Today we took Jude to the childminder’s for his second ‘taster’ visit. He went for an hour last week and didn’t even notice we had left him there! We dropped him off and snuck out, he was completely fine. Today wasn’t such a smooth drop off. He slept after our morning class and woke just as we got to Ceri’s. He was smiley and happy as we went into the house, but soon got a little miserable when he was ‘handed over’. Steve stayed with him for a cuddle and I hid in the hallway as he is always worse if I’m there. He calmed down and we managed to sneak off again. (I have to admit, I know it sounds harsh, but I feel it’s the best way to do it at the moment. We have had ‘waving goodbye’ episodes too; I went to [another] funeral on Monday and Jude stayed with Steve all day and he waved me off in the morning and was good as gold). I just feel that when it’s not someone very well known and loved, sneaking is the best option. 

Aaaanyway, this time he noticed we had gone and started crawling around from room to room looking for us. I know this because Ceri told us when we picked him up. I’m really glad that she did; even though he got upset she told us anyway. I would have been quite easy to miss that bit out as he was fine when we picked him up. He had got a bit upset, but managed to calm down and when we arrived to pick him up (after an hour and a half this time(!)), he happily came to greet us at the door and took Steve by the hand to go and see what was going on inside (as he had done last week too). He’s clearly comfortable there and I am just pleased that he manages to calm himself down fairly quickly. 
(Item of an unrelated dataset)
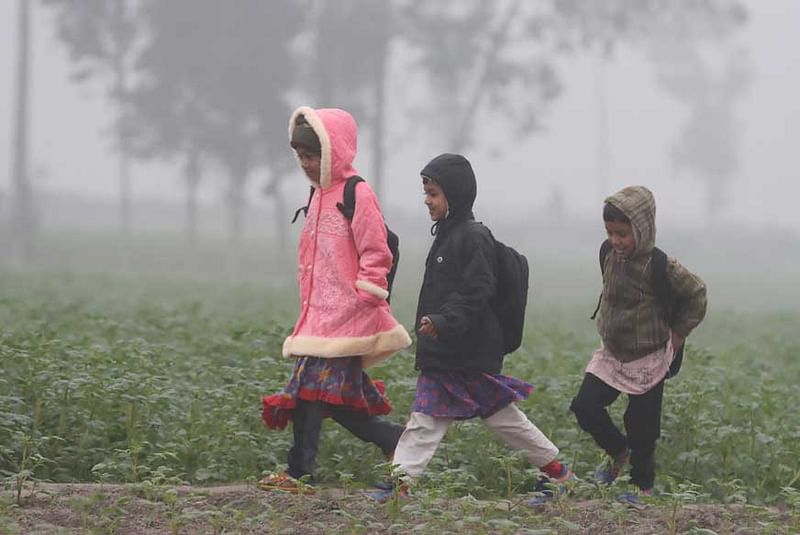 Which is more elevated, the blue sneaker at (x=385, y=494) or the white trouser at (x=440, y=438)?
the white trouser at (x=440, y=438)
So that’s pretty much it! Our little one will be going off to have his own life with Ceri, our childminder and friend, 1.5 days a week. He’s even going to be there on his birthday! (For half a day, anyway). It’s officially the next biggest step in his little life. (Speaking of steps, he’s managing about 10 in a row now, unaided – I even got his feet measured yesterday!).
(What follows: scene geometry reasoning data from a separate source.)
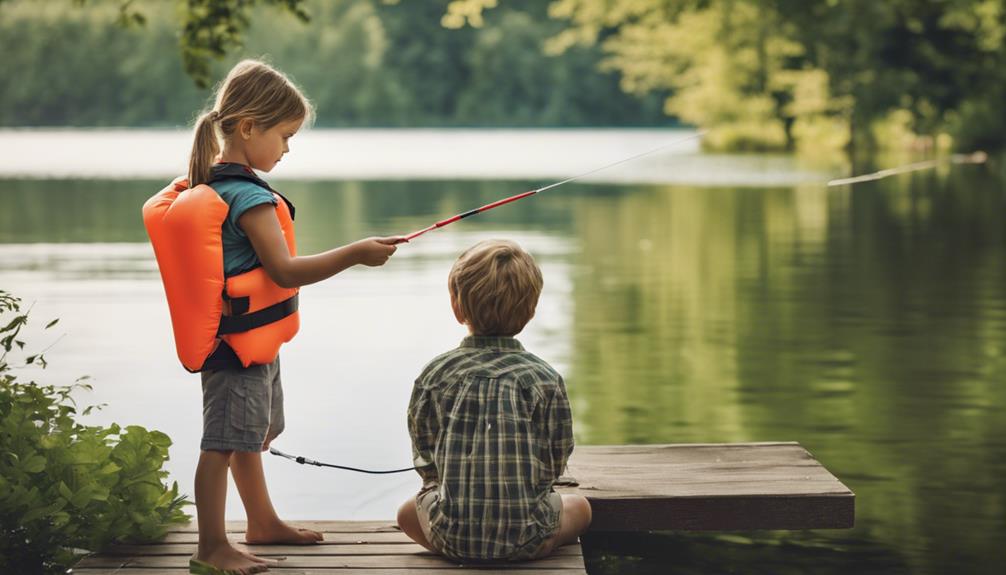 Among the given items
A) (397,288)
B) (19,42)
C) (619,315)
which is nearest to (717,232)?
(397,288)

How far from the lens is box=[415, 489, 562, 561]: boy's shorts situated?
4008mm

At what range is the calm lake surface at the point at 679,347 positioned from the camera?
5766 mm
All in all, Jude is fine being away from me most of the time, and it will be the best thing for him in the long run. He will enjoy being sociable, he will learn from the other older children around him. He will have new types of fun that he would never have with his mummy. And I have made the decision to relax about the whole thing. There is absolutely no point in me being stressed about it as it’ll only rub off on him. I don’t want him to be anxious being left; I want him to look forward to his time with Ceri; and when he starts nursery in September I want him to enjoy it too. 

Moving onwards and upwards. This is the second huge step in Jude’s lifelong education. This very important step in his life will be the base for his growing and learning for the rest of his life. Our little sociable boy is like a sponge; he takes in everything around him and this, for sure, will be the making of him.